▶ _WHAT THE EXERCISE ASKS_
Which lines below include "Road"? Copy them all.

┄┄┄┄┄┄

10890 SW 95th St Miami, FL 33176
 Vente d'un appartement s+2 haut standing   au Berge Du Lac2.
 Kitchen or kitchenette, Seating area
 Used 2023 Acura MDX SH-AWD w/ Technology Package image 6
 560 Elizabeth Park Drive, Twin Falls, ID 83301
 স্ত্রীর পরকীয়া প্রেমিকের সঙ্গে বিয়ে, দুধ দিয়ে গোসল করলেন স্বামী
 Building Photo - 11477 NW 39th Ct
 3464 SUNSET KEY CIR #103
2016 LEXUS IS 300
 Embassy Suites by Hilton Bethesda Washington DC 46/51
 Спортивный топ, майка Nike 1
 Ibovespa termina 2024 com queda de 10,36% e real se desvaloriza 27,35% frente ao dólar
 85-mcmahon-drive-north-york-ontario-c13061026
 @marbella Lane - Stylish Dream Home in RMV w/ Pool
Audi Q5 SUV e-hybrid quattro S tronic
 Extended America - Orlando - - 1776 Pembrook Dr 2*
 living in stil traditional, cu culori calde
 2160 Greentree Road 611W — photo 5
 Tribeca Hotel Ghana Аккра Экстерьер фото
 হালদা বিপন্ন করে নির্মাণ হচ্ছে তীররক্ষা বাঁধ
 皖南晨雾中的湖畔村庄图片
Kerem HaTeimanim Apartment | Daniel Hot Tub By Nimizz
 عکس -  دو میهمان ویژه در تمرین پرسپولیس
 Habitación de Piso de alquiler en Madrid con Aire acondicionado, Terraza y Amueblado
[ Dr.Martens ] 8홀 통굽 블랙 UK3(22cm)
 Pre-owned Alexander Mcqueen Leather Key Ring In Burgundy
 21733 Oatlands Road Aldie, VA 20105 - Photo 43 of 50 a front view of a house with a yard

┄┄┄┄┄┄

▶ _TASK ANSWER_
 2160 Greentree Road 611W — photo 5
 21733 Oatlands Road Aldie, VA 20105 - Photo 43 of 50 a front view of a house with a yard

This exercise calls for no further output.